Tout comme les rosiers galliques en Europe, les rosiers d’Extrême-Orient ont été cultivés très tôt. Il est difficile de déterminer si les spécimens importés par les Européens au XVIIIe siècle ressemblaient aux formes sauvages originelles.
Le Rosier du Bengale fut le premier utilisé pour hybrider les roses occidentales.
Parmi les roses d’Extrême-Orient, les roses à parfum de thé ont le plus contribué à la création des roses modernes via des hybridations avec les roses galliques. Elles ont introduit une grande variété de coloris et une capacité de remontaison inconnue des roses européennes anciennes, menant aux Hybrides remontants puis aux Rosiers Hybrides de Thé.
La rose du Bengale fut la première croisée avec des roses d’Extrême-Orient et européennes, aboutissant en 1810 à la Rose de Boursault, issue du rosier des Alpes. Ce rosier sarmenteux, non remontant, produit des fleurs demi-pleines en petits bouquets.
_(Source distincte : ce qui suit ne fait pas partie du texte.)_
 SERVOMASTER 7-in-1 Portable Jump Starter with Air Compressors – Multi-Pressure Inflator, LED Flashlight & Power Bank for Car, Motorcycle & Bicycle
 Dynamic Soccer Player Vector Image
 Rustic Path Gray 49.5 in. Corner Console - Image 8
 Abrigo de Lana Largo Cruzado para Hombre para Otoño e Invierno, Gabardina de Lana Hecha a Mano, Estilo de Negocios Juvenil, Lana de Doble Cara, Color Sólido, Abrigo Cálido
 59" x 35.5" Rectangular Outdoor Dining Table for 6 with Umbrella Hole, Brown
Souvent appelés rosiers buissons à grandes fleurs, ils portent au bout d'une longue tige des fleurs solitaires, très grandes et parfaitement formées, considérées comme les plus belles. De multiples variétés existent, avec de nouvelles créations annuelles. Les sélections actuelles visent une meilleure résistance foliaire, un retour aux parfums et des teintes approchant le bleu.
Autrefois, les rosiers hybrides de polyantha se distinguaient par leur petite taille et leurs inflorescences de nombreuses petites fleurs, par opposition aux floribundas plus hauts avec des fleurs moyennes turbinées.
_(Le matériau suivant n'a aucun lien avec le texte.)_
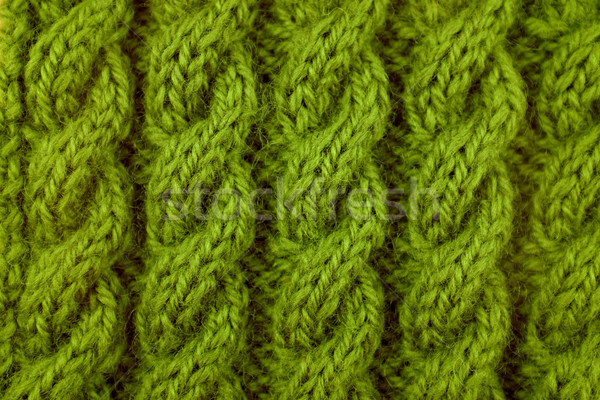 Closeup of green cable knitting stitch Stock photo © sarahdoow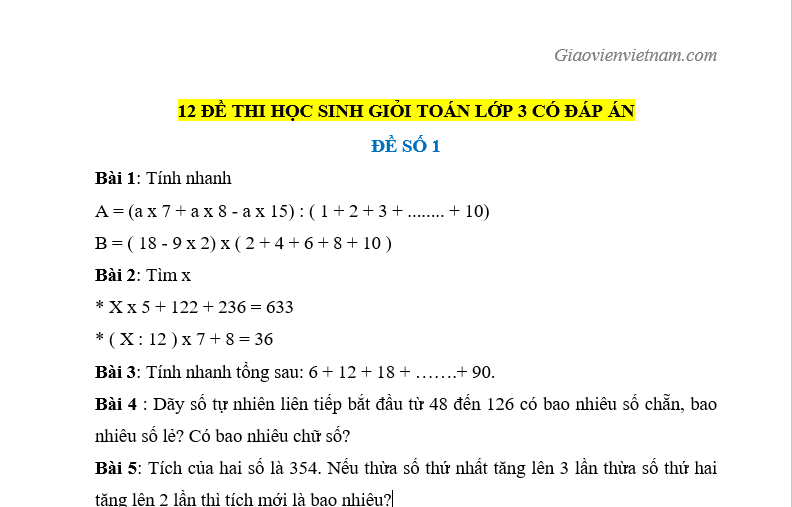 Đề Thi Học Sinh Giỏi Lớp 3 Môn Toán Gallery 1
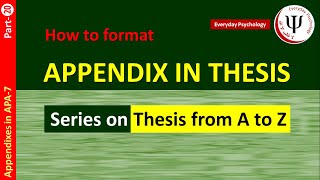 How to Format Appendix in Thesis in APA 7 [upl. by Remle]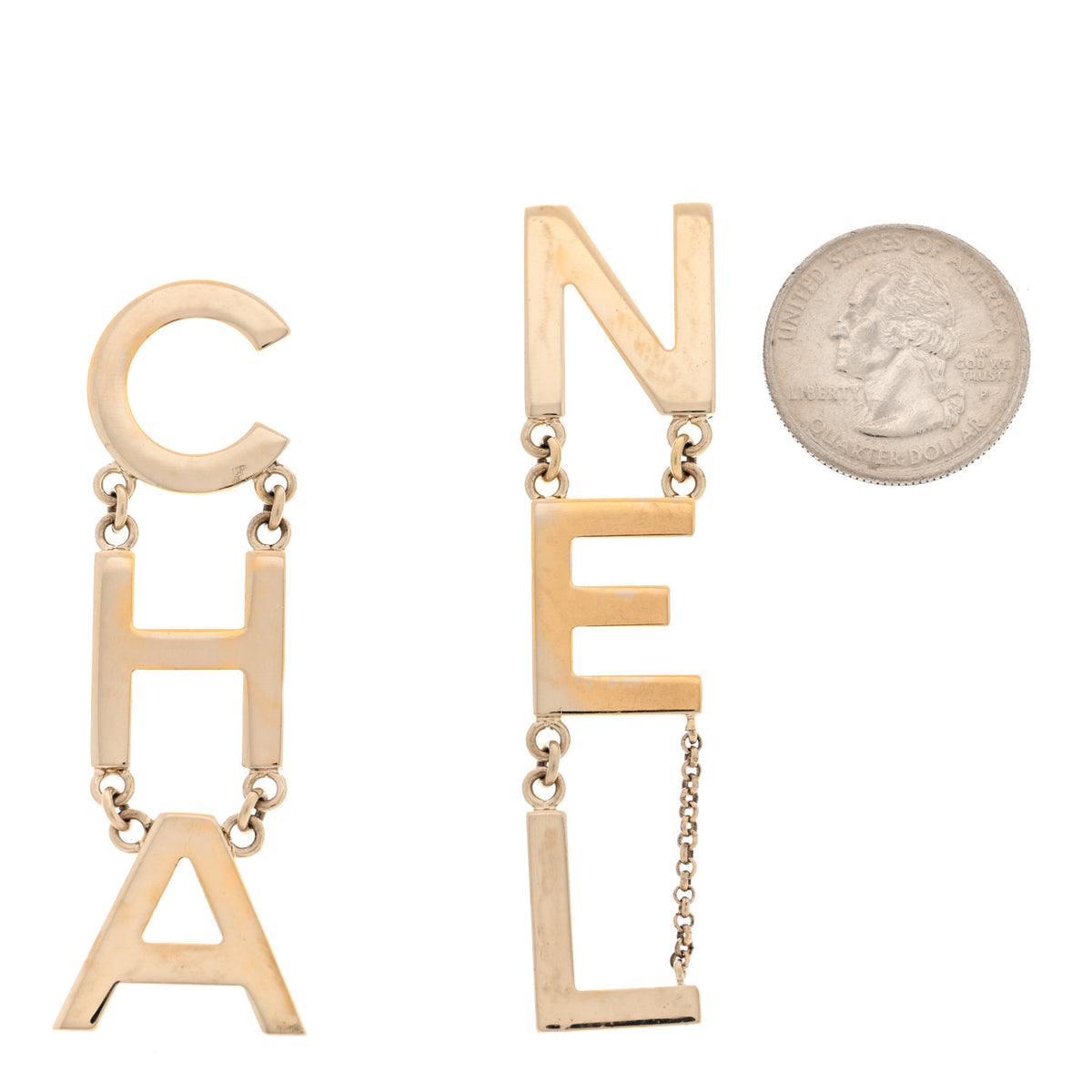Chanel Metal Cha-Nel Logo Drop Earrings Gold 2 of 4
Les hybridations récentes ont estompé ces distinctions : certains rosiéristes regroupent polyanthas et floribundas en une seule classe.
Issus du rosier du Bengale nain (Rosier de Miss Lawrence), ces variétés naines ne dépassent rarely 25 cm de hauteur. Ils se couvrent en été de petites fleurs pleines de 4-5 cm, idéales pour pots, bacs, balcons, rocailles ou petites bordures.
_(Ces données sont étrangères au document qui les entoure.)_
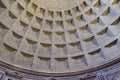 Tourist attractions in Rome, Italy. Pantheon, inside the magnificent dome of the Roman temple Royalty Free Stock Photo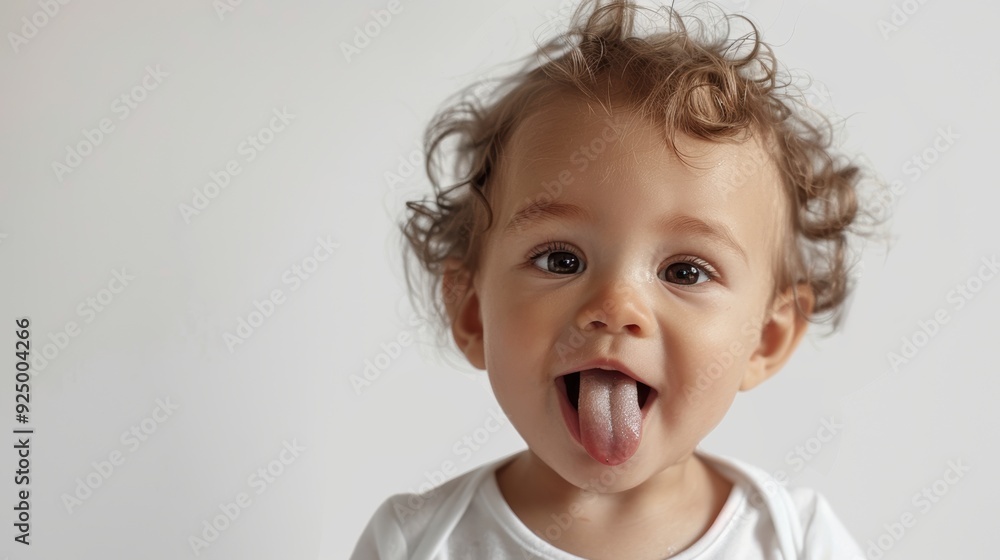Playful child sticking out tongue, captured in a light-hearted moment, displaying innocence and joy against a plain background Playful child sticking out tongue, captured in a light-hearted moment, displaying innocence and joy against a plain background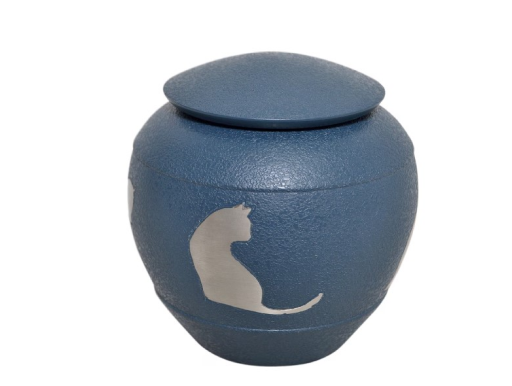 Blue ceramic urn with a lid and white cat silhouette decoration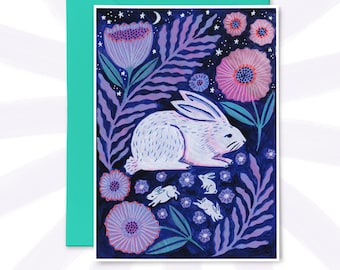 Moon Bunny Mother Greetings Card, Blank Inside, Celestial, Nature, Rabbit, Hand Drawn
De nombreux rosiers botaniques entrent dans cette catégorie. Résistants au froid et peu sensibles aux maladies, ils offrent des fleurs simples au charme campagnard, mais fleurissent peu ou pas en remontaison. Certaines espèces galliques restent disponibles.
• Remontants à grandes fleurs uniques
Ces rosiers proviennent de mutations spontanées de buissons à fleurs uniques, donnant des tiges sarmenteuses. Multipliés par greffage, ils portent "Climbing" (Cl.) ou "grimpant" (Gr.) avant leur nom.
• Remontants à fleurs groupées
Inclut mutants climbing de polyanthas/floribundas et vrais grimpants sarmenteux originels, souvent plus vigoureux.
• Non remontants à fleurs en bouquets
Descendants du rosier de Wichuraiana, ils fleurissent abondamment mi-juin à mi-juillet.
Distinguons rosiers tiges à rameaux dressés et pleureurs, greffés sur églantier nu. Les premiers utilisent des greffons buissonnants (0,80-1,20 m) ; les seconds, des grimpants souples.
Rosiers tiges buissonnants
• À grandes fleurs : greffons de buissons à fleurs uniques.